DX推進者の抜擢にはアセスメント活用が有効
こういった隠れた人材を抜擢するのは、人事も直属の上司も、隠れた才能には関心を持っていないので、なにがしら判断のためのデータが必要になると思います。こんな場合にはDXスキルアセスメントが有効です。インソースでは、こういったアセスメントを開発しています。良かったらご活用ください。トライもできるので、問い合わせてみてください。
2.DX推進リーダーに必要な資質
DX推進を主導するリーダーの抜擢は、DX革命の成功のカギを握ります。そのリーダーに求められる資質は、推進者に求められるスキルに加え、現場業務に精通している事と、経営者と同じ視点で事業を見られることの、2点が必要です。
現場業務に精通していること
あるべき論の全社的なDX化は、一見、論理的で凄く良く見えます。しかし、DXを使っていくのは業務に携わる、現場で働く人たちですので、DX活用の場面で、現場に無理があればうまくいきません。現場の課題を、徐々にDXで改善することを想起し、ステップを踏み進めていける、賢い人材が必要です。推進リーダーにはそういった人材が必要です。
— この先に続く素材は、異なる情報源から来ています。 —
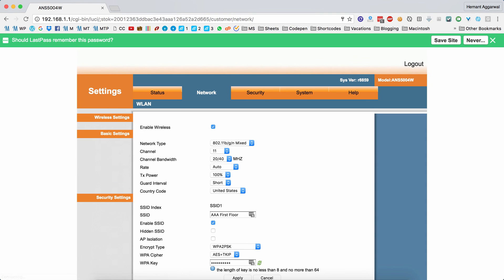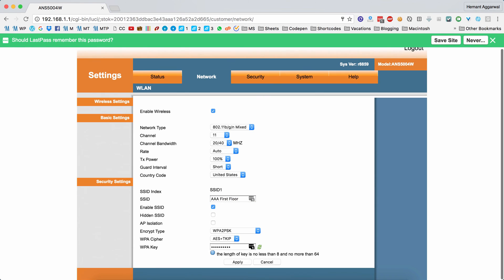To change the WiFi name and password, go to the Networks tab. Here you can change the SSID field to change the name and the WPA key field to change the WiFi password. Once changed, click the Apply button to apply the new credentials.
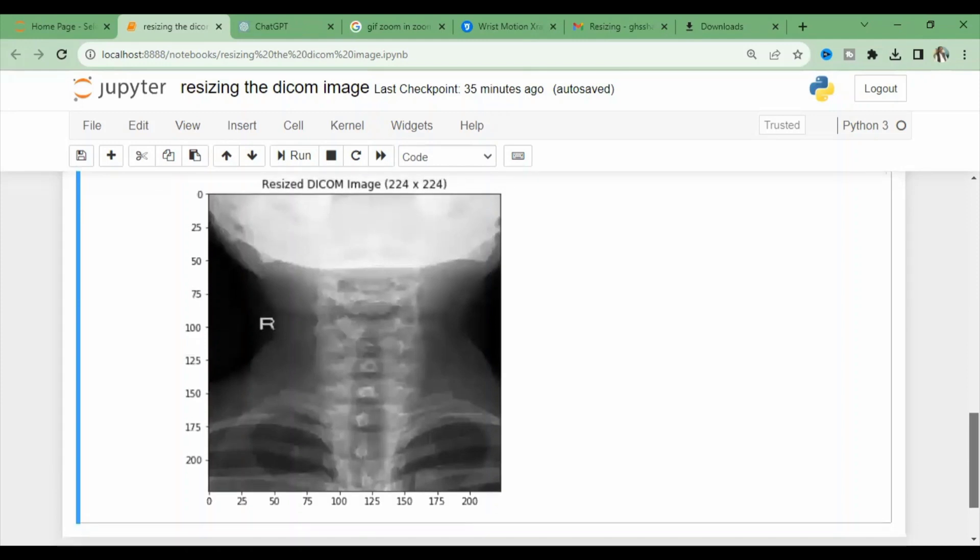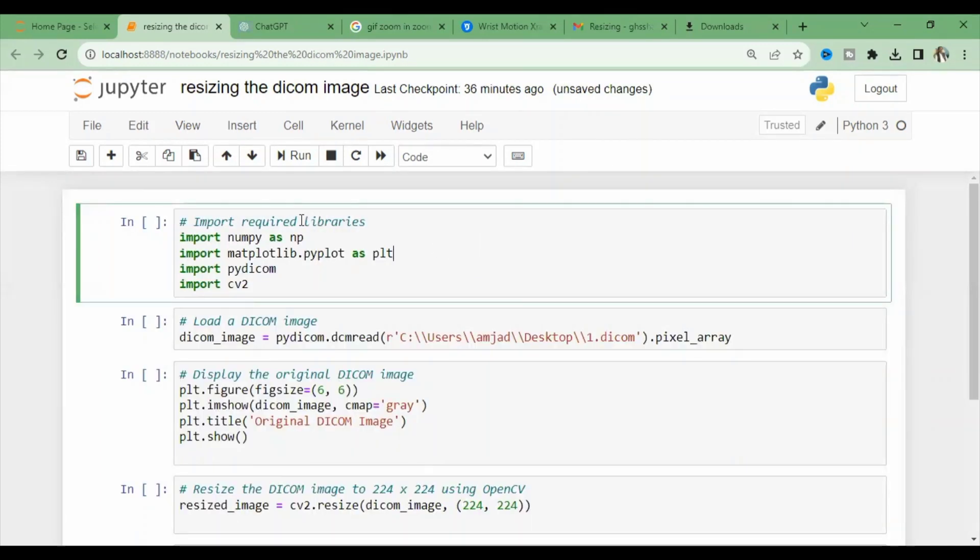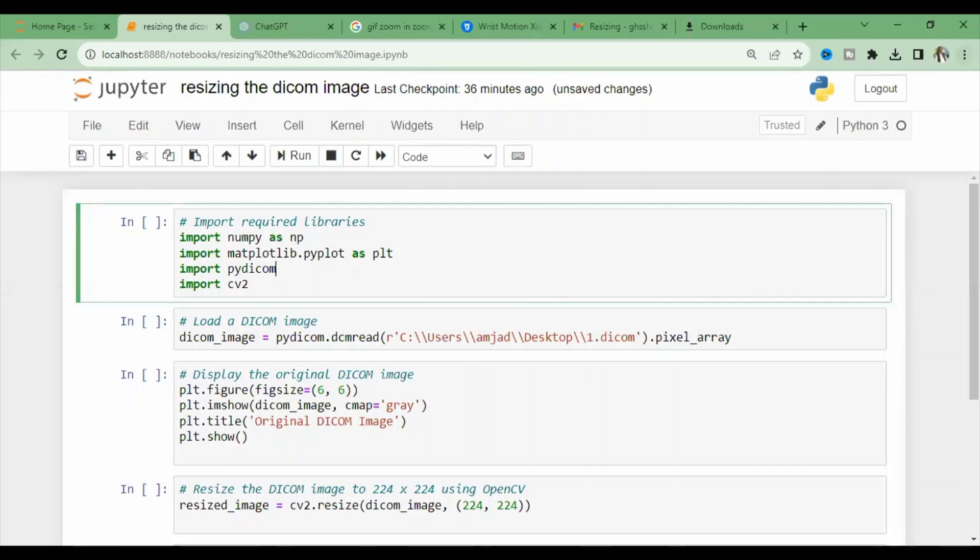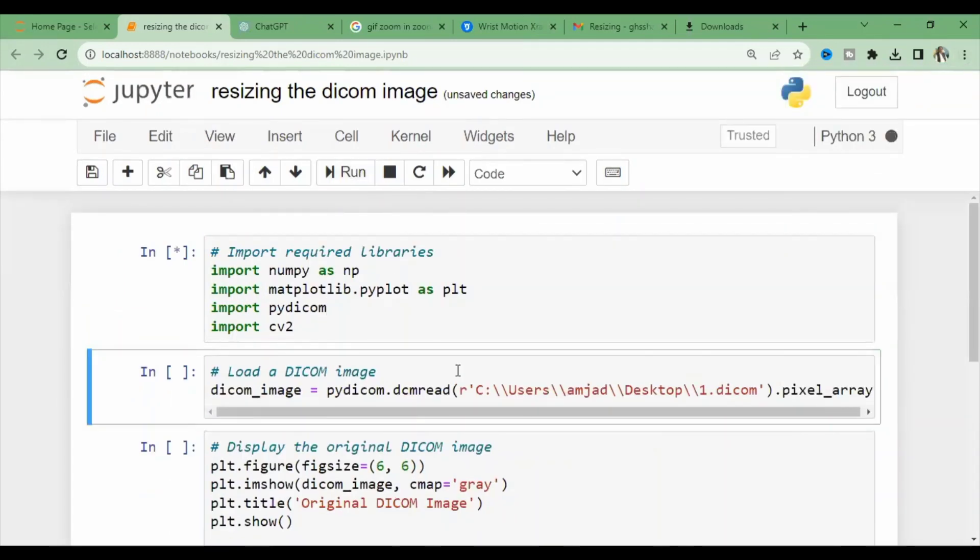Today we are going to cover resizing. As we know, resizing is about rescaling. We can import the libraries that are necessary, which we have discussed in previous lectures, line by line. The second step is loading and displaying the original image, which we already discussed previously.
経営者と同じ視点で事業を見られること~長期利益が分かること
これはなかなか難しいのですが、経営者と同じ損得勘定ができる人材が求められます。企業には短期、中期、長期の損得がありますが、全社DXの実現は時間がかかり、長期利益の実現に、ほかなりません。社内外の環境が変わろうと、経営者視点で、粘り強くDXの実現に専心できる、賢さが必要です。
AIやITに強くなくていい~リーダー力重視
DX推進リーダーは、将来の幹部候補生の中から選んでください。社内で新しい事業をスタートさせたり、新店開設をやるようなものです。今現在、ITは弱いのであれば、DX推進リーダーに抜擢し、自ら知識をつけて育ってもらう事で、経営者として必要な新分野開拓力も身に着くと思います。(知識やスキルなら、インソースの教育やコンサルで身につけられます)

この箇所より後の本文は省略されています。